Others spaces est une série de 8 photographies (argentique, moyen-format) réalisée lors de mon premier séjour à la Cité des Arts de Paris en 2012 et éditée à l’occasion de l’exposition It has never been to survive à La Boîte, en 2013. Mon intérêt pour les espaces vides et isolés trouva dans les espaces résiduels du réseau souterrain une forme refuge. Invisibles le jour et parfois la nuit, ils apparaissent lorsqu’ils sont éclairés.
Ali Tnani
« Ali Tnani (1982) est de ces créateurs « durs ». Cet artiste multimédia, dessinateur, installateur et photographe avoue notamment un faible pour les traces, l’archive, les espaces de transition. Ce que nous délaissons volontiers, ce qui demeure en suspension faute que nous prenions plaisir à le regarder. L’univers qui attire Tnani est aussi celui où nous vivons mais, à dire vrai, côté ombre, côté caché. Notre monde ? Celui-ci n’est pas fait que de figures de lumière, il se construit aussi contre l’apparition, par le négligé, par le mis-de-côté, voire par effacement. Lors de son exposition à La Boîte, « It Has Never Been To Survive », Ali Tnani, à dessein, propose à notre attention plusieurs photographies au contenu indiscernable. Une provocation ? Une invite, plutôt, à affûter nos sens, à aiguiser notre perception. Sur un fond blanc, posés sur une ligne d’horizon, des objets de forme abstraite indéfinissable s’offrent à nos yeux interrogatifs. Fragments ? Matériau récupéré ? Formes utiles ? Éléments sans possible définition
tributaires de cette culture de l’« informe » naguère chère à Georges Bataille ? Ce type d’offre visuelle incertaine, hors pedigree, se nourrit chez Tnani de ce que lui-même nomme la figure du « contre-espace » ou de l’« espace autre » : une formulation connotant la « différence ». En atteste, encore, sa série photographique Other Spaces, au contenu à la fois sibyllin et explicite. Other Spaces #5 : une photographie couleur de format carrée nous présente, en contre-plongée, la vue d’une anonyme cage d’escalier métallique, de celles qui s’accrochent au revers des bâtiments ou au cœur des usines, non faites a priori pour être vues.

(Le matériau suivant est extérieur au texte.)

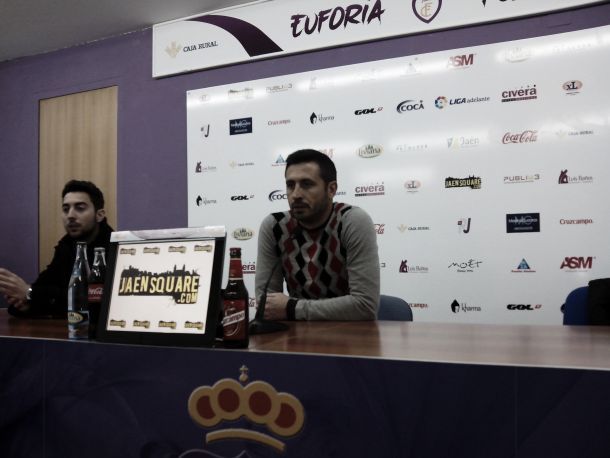 Manolo Herrero: "Por el ansia de ganar el partido, me equivoqué"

Other Spaces #8 : cette autre photographie, de la même eau
trouble, révèle la vue banale d’un rebord de trottoir. Presque rien donc, du non-sublime mais un élément essentiel, pourtant, de la réalité. Sur
quelle surface marchons-nous, dans nos villes tentaculaires, sinon sur celle d’un trottoir, qui porte et rend notre déplacement aisé ? Artiste que fascine l’anti-spectacle, Ali Tnani nourrit avec ses « espaces autres » le thème allotopique, cher naguère au philosophe Michel Foucault, il agit en archiviste de ces lieux humains essentiels que l’on met hors-jeu faute qu’ils sécrètent une plus-value symbolique. « Mon intérêt pour les espaces vides et isolés trouve dans les espaces résiduels du réseau souterrain une forme refuge, explique Tnani ; invisibles le jour et parfois la nuit, ils apparaissent lorsqu’ils sont éclairés (…). » Des figures de rien? Assurément non, continue-t-il. Ces espaces « sont traversés sans interruption par les corps et les données ».